EXERCISE: Copy every entry exactly as given, minus the images.

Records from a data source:
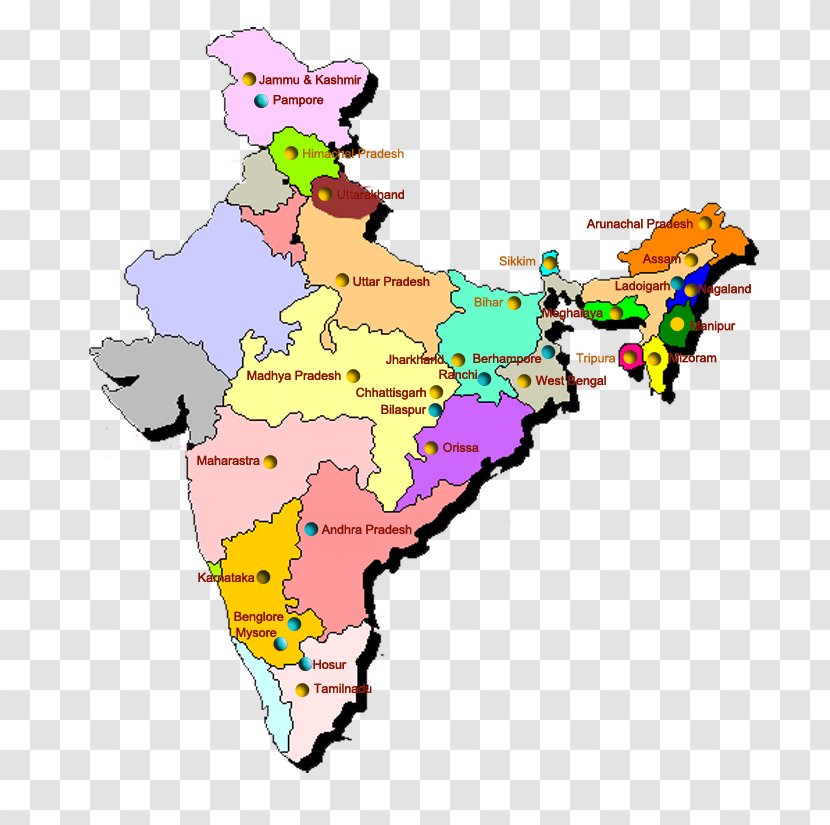 States And Territories Of India Lucknow Road Map World Transparent PNG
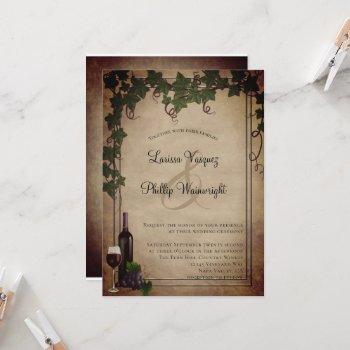 rustic winery vineyard wedding invitation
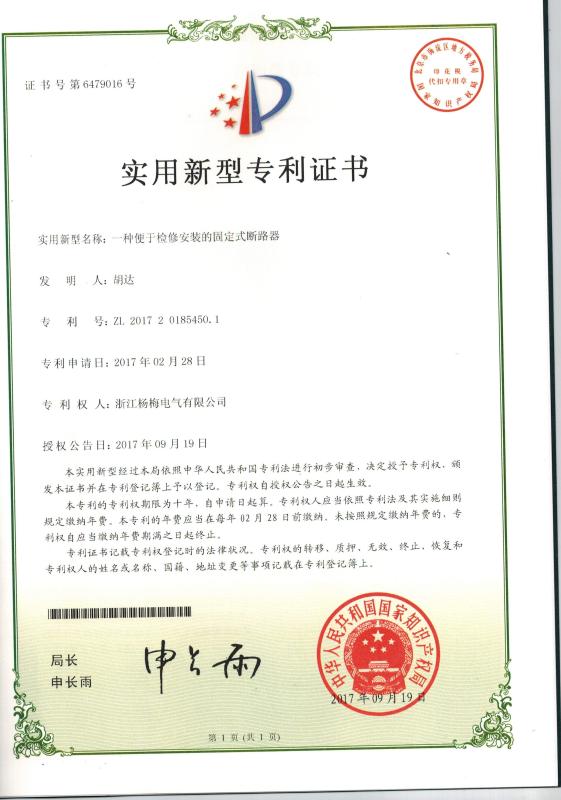 Patent certification - Eberry Electric Co., Ltd.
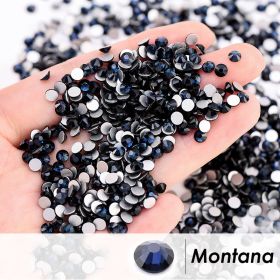 SS4-SS12 Rhinestones Non Hotfix Round Flatback Crystal Glass AB Multi-color Nail Art Glitter Stones 1440pcs DIY Clear Crystal (Number of Pcs: SS6-1440pcs, Color: Montana)
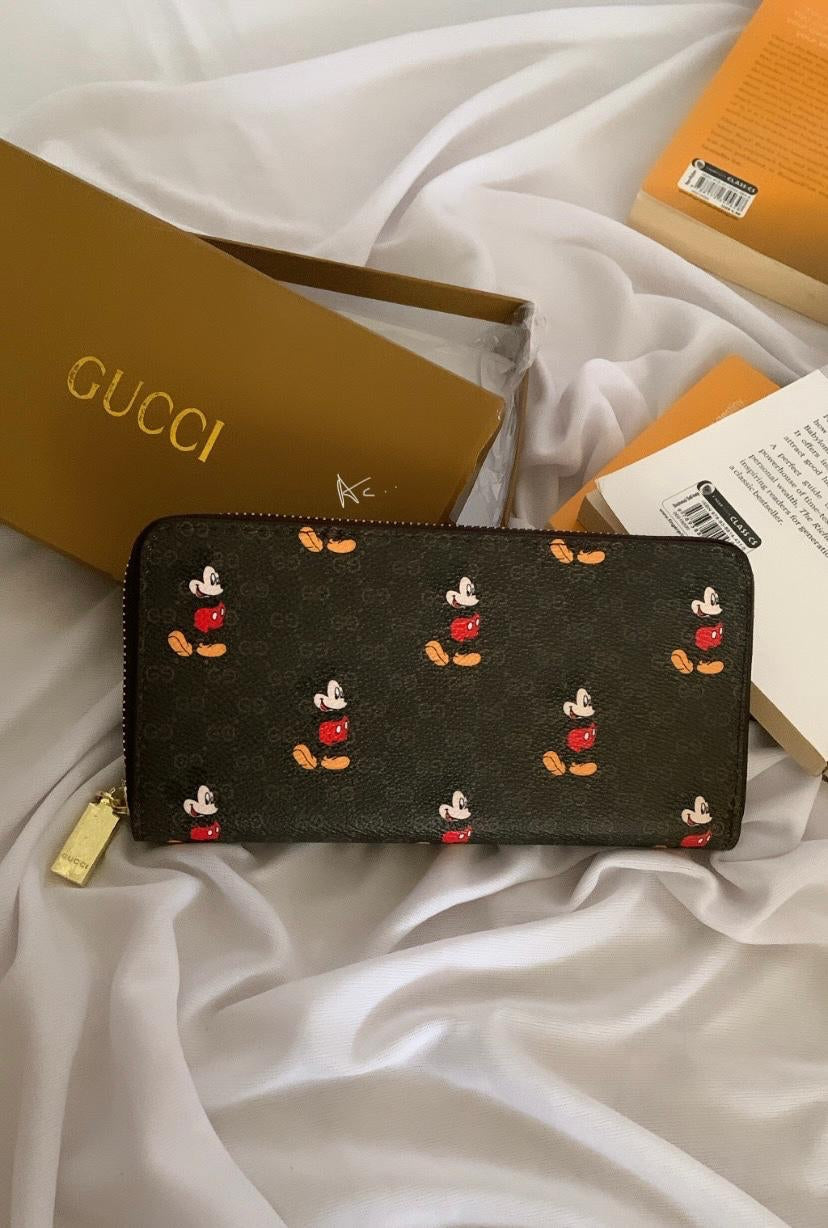 Cug Brown Colour Mickey Mouse Print Hand Ladies Clutch 2483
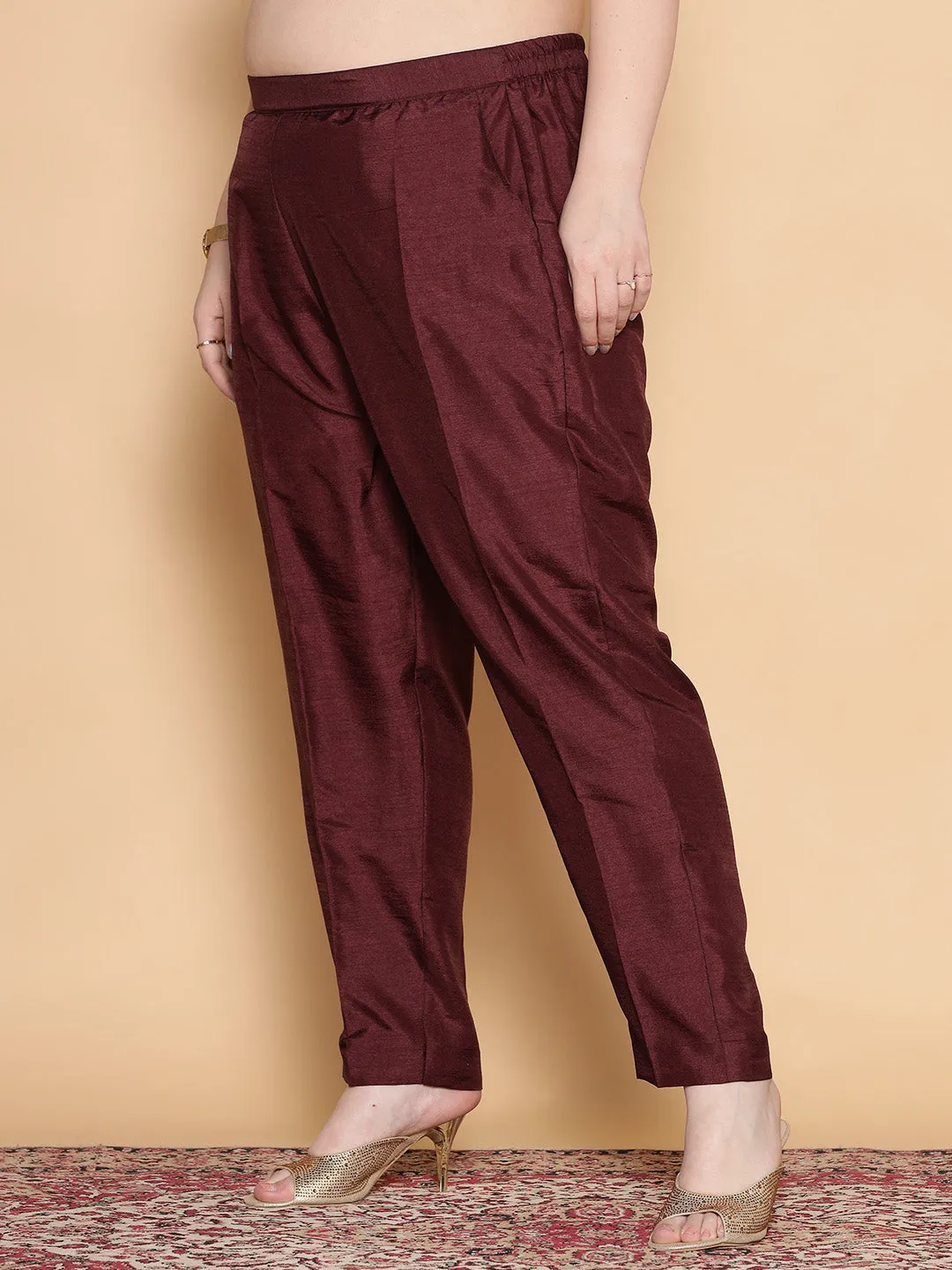 Burgundy Silk Pants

SOLUTION TO THE EXERCISE:
 States And Territories Of India Lucknow Road Map World Transparent PNG
 rustic winery vineyard wedding invitation
 Patent certification - Eberry Electric Co., Ltd.
 SS4-SS12 Rhinestones Non Hotfix Round Flatback Crystal Glass AB Multi-color Nail Art Glitter Stones 1440pcs DIY Clear Crystal (Number of Pcs: SS6-1440pcs, Color: Montana)
 Cug Brown Colour Mickey Mouse Print Hand Ladies Clutch 2483
 Burgundy Silk Pants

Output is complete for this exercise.